··· Data excerpts ···

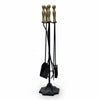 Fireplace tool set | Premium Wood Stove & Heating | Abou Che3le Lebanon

···
··· Data excerpts ···

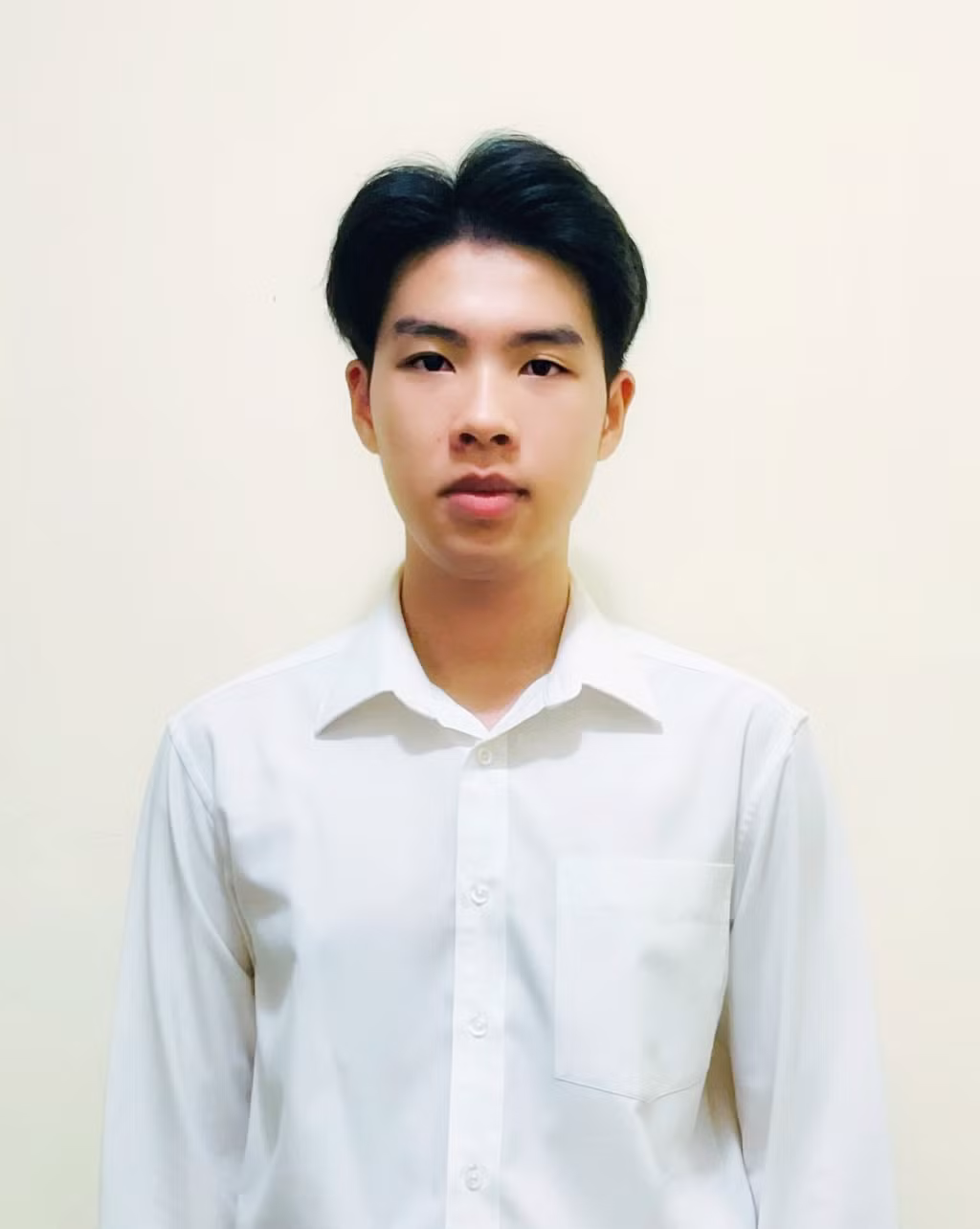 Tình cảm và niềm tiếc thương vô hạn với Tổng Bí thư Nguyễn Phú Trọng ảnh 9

···
··· Data excerpts ···

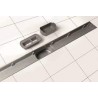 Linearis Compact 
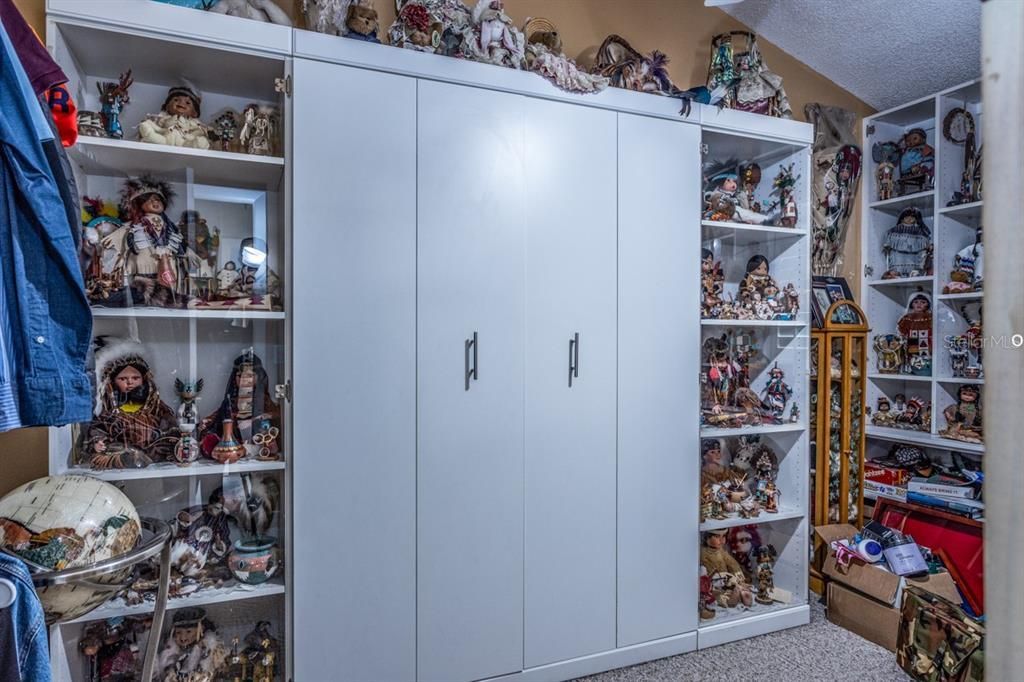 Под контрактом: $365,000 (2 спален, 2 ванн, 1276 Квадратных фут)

···

● **Exercise**
Using the records above, return verbatim only the part that opens with the line containing "Linearis Compact" and closes with the line containing "Под контрактом: $365,000"; pictures stay out.

● **Exercise response**
 Linearis Compact 
 Под контрактом: $365,000 (2 спален, 2 ванн, 1276 Квадратных фут)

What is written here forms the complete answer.